Pretty soon after starting to use it (as a Next Generation Sequencing data
analysis framework), I noticed that if a task that is not in some way linked
to an end goal, that task does not get started/executed. It sort of blew my
mind and I felt strongly that my projects, perhaps even my life should be run
and build exactly like that.

[0]
[https://github.com/snakemake/snakemake](https://github.com/snakemake/snakemake)

------
h0h0h0h0111
Love this! Had a similar idea a while ago but never executed on it - DAGs make
so much sense for goals/todos, but the existing todo apps make it sorta fiddly
to organise things in such a way.

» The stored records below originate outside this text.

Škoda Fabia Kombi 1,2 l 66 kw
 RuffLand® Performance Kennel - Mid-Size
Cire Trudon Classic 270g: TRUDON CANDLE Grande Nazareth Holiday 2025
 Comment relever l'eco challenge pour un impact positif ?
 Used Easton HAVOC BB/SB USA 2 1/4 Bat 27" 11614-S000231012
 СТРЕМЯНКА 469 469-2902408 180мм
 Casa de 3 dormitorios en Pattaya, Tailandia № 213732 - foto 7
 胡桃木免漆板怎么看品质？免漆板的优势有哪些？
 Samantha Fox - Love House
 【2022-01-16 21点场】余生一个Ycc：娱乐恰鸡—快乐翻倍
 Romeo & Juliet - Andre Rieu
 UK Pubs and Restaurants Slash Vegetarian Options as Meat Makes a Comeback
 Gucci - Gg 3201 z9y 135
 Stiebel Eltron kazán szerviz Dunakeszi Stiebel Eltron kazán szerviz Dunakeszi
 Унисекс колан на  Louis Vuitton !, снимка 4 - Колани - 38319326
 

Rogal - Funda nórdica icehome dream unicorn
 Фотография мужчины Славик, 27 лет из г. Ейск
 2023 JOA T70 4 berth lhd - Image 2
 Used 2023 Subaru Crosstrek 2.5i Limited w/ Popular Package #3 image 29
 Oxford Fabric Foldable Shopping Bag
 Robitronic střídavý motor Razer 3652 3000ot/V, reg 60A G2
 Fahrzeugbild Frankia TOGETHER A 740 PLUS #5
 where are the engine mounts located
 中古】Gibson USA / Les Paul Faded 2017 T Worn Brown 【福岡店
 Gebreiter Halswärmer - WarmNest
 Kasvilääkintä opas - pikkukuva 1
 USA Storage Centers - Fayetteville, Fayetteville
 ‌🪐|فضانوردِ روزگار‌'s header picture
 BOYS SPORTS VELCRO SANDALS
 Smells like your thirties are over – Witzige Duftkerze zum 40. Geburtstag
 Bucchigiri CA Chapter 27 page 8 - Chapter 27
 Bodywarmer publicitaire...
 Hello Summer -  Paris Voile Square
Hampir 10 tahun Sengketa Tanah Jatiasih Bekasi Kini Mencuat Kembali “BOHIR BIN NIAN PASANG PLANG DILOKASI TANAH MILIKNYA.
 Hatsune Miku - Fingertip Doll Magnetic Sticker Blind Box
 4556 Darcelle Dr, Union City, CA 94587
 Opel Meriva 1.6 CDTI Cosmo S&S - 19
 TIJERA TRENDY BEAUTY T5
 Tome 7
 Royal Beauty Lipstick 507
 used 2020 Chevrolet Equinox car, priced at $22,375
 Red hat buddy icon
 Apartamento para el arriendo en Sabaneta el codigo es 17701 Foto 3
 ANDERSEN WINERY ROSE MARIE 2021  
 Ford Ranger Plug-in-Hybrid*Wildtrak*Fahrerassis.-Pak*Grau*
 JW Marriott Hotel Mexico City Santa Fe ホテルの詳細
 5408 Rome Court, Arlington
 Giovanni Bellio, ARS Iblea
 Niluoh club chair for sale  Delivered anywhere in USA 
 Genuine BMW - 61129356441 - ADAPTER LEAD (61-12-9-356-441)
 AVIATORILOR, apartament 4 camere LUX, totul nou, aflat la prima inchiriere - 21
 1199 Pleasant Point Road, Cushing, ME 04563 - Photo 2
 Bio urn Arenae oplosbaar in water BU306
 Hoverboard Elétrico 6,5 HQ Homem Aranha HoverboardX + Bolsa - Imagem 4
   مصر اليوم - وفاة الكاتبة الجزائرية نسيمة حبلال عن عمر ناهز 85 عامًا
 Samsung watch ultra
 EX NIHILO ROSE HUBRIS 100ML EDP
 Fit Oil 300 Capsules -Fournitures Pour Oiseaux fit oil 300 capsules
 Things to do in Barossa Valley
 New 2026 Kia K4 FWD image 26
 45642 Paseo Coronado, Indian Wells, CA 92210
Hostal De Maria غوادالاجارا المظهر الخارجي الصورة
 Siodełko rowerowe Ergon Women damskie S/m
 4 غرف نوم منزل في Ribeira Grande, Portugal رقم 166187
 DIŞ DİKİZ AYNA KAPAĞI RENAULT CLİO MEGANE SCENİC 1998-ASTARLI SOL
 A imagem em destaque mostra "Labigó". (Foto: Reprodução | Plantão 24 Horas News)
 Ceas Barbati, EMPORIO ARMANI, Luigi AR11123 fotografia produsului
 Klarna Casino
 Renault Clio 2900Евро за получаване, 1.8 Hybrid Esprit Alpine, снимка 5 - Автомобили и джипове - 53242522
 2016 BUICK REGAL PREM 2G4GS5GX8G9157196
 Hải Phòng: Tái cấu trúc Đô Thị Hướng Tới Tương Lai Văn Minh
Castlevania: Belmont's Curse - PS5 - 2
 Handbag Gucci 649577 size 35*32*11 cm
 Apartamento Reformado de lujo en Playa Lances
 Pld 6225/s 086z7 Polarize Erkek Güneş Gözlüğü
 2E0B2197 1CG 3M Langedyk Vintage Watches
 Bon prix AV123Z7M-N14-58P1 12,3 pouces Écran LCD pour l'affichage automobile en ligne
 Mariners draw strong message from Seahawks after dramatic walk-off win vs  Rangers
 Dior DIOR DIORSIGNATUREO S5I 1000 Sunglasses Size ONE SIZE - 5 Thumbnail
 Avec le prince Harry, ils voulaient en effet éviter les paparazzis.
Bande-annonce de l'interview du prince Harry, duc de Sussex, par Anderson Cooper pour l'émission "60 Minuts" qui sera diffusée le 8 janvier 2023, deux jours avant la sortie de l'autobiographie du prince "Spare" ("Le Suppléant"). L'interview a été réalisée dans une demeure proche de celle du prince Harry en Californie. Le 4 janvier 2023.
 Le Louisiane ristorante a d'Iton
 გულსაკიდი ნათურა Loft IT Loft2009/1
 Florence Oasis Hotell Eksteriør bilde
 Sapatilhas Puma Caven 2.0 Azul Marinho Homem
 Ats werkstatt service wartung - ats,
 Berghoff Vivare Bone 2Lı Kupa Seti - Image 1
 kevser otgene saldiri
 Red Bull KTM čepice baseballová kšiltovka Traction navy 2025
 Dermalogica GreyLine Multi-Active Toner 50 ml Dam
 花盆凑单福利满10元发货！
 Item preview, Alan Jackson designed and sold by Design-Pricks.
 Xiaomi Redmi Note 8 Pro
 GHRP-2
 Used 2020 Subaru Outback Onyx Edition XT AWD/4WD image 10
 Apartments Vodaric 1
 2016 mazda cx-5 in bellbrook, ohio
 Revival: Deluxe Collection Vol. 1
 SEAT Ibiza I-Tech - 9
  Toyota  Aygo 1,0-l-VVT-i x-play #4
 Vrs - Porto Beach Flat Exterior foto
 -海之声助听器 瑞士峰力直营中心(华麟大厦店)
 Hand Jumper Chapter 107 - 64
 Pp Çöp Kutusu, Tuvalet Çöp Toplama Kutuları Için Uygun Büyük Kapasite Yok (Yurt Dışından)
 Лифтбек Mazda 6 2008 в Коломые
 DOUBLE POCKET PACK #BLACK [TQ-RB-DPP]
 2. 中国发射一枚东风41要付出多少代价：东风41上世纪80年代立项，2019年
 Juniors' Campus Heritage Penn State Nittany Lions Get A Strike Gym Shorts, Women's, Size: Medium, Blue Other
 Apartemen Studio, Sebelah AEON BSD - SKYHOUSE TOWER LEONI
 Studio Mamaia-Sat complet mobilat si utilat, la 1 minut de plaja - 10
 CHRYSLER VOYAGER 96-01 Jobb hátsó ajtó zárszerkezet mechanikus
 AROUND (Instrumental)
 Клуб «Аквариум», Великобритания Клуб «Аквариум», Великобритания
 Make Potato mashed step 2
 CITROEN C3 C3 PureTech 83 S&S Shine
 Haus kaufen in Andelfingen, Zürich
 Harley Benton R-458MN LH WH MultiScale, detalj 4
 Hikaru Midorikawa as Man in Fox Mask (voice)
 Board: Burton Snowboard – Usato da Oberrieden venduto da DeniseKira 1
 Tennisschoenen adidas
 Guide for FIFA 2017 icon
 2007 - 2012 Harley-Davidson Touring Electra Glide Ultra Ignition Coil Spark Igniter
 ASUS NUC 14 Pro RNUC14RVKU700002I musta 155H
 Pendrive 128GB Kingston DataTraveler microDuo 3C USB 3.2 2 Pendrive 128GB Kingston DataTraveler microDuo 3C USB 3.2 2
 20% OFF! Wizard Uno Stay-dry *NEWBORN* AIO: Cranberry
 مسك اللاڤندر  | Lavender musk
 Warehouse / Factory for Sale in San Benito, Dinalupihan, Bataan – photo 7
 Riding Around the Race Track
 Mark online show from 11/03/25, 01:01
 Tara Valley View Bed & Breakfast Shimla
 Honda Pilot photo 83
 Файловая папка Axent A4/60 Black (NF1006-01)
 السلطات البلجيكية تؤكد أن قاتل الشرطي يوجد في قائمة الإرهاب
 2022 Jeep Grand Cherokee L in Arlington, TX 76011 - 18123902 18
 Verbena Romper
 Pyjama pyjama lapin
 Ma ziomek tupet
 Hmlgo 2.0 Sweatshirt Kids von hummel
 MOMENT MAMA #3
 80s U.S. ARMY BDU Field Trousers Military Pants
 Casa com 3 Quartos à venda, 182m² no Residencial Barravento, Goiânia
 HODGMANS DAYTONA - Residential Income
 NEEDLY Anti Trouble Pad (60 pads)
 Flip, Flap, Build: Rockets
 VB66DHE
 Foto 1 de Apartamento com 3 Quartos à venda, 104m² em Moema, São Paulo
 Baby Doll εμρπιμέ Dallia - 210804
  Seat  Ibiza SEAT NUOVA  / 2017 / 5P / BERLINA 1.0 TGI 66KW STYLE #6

Will be sure to check this out

------
thanatropism
I've never used Todo graphs, but I've spent hours using Yed, a free (but not
Free if you're into that kind of thing) point-and-click graph editor with
various layout algorithms.

I've found many times that the visual outcome of laying out my concept graphs
in say, hierarchical or force-directed layouts. Mainly to show me that I was
missing certain links. This is not formal concept analysis (which uses formal
lattices), mind you, it's just using the visual realization of graphs as
Gestalt.

I actually should be doing that a lot more...

\---

That said, we should always be wary of the "A" in "DAG". That's a deep
ontological assumption that restricts the universe we are able to think about.
Sometimes, like in the Judea Pearl approach, this enables maths to get done.
Sometimes we should just cope with cycles or resolve them at the appropriate
time when enough information and wisdom is available.

------
JoshTriplett
Odd prompt when I try to sign up for an account in the web (i.ntention.app):
after filling in an email and password, I get a prompt "Intention is
requesting access to your dwmartin41 account."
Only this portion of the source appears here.